I ask whether we humans will keep on changing, or will we eventually reach an ultimate level of development and knowledge? Click click click. “In the next 100 years or even in the next twenty, we may discover a complete theory of the basic laws of the universe (the so-called Theory of Everything, in which quantum theory is unified with Einstein’s theory of general relativity), but there will be no limit to the complexity of biological or electronic systems we can build under these laws.”

I’m just about to ask a supplementary question when the hands start up again. A few minutes pass before Hawking adds: “By far the most complex systems we have are our own bodies. There haven’t been any significant changes in human DNA in the past 10000 years. But soon we will be able to increase the complexity of our internal record, our DNA, without having to wait for the slow process of biological evolution. It is likely that we will be able to redesign it completely in the next 1000 years – by increasing our brain size, for example. Of course, many will say genetic engineering on humans will be banned but I rather doubt that they will be able to prevent it. Genetic engineering on plants and animals will be allowed for economic reasons and someone is bound to try it on humans – unless we have a totalitarian world order, someone will improve humans somewhere.”

“We need to become more complex if biological systems are to keep ahead of electronic ones. At the moment computers have an advantage of speed but they show no sign of intelligence. This is not surprising as our present computers are less complex than the brain of an earthworm, a species not known for its intellectual powers. But computers’ speed and complexity double every eighteen months and this will probably continue until computers have a similar complexity to the human brain.”

But will computers ever show true intelligence, whatever that might be? “It seems to me that if very complicated chemical molecules can operate in humans to make them intelligent, then equally complicated electronic circuits can also make computers act in an intelligent way. And if they are intelligent, they can presumably design computers that have ever greater intelligence and complexity.”
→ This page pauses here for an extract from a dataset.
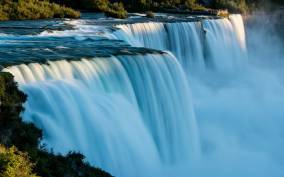 Niagara Falls (US): Guided 2-Day Trip with Accommodation
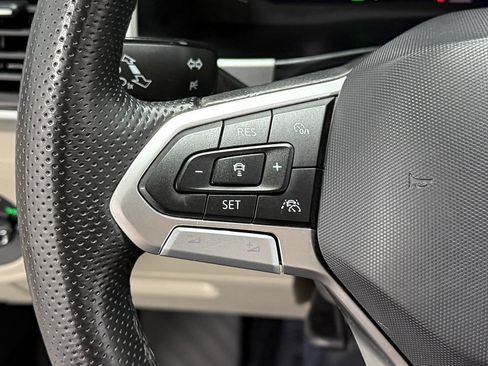 Used 2023 Volkswagen Atlas SEL R-Line AWD/4WD image 19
“On the biological side, the limit of human intelligence has been set by the size of the human brain that will pass through the birth canal,” Hawking says. “Having watched my three children being born, I know how difficult it is to get the head out. But in the next 100 years I expect we will learn how to grow babies outside the human body so this limitation will be removed. But ultimately, increases in the size of human brain through genetic engineering will come up against the problem that the chemical messages responsible for our mental activity are relatively slow-moving – so further increases in the complexity of the brain will be at the expense of speed. We can be quick-witted or very intelligent, but not both.”

Its’ time to ask the big one: will we make contact with aliens in the next millennium? He smiles. His fingers click the pressure pads. The answer comes seven minutes later. “Even if life developed in other stellar systems, the chances of catching it at a recognizably human stage are very small. Any alien life we encounter will be much more primitive or much more advanced than us. And if it’s more advanced, why hasn’t it spread through the galaxy and visited Earth? It could be that there is an advanced race out there which is aware of our existence but is leaving us to stew in our own primitive juices. However, I doubt they would be so considerate to a lower life form. Some people believe that the reason we have not been contacted is that when a civilization reaches our stage of development it becomes unstable and destroys itself. But I’m an optimist. I think we have a good chance of avoiding nuclear war and Armageddon.”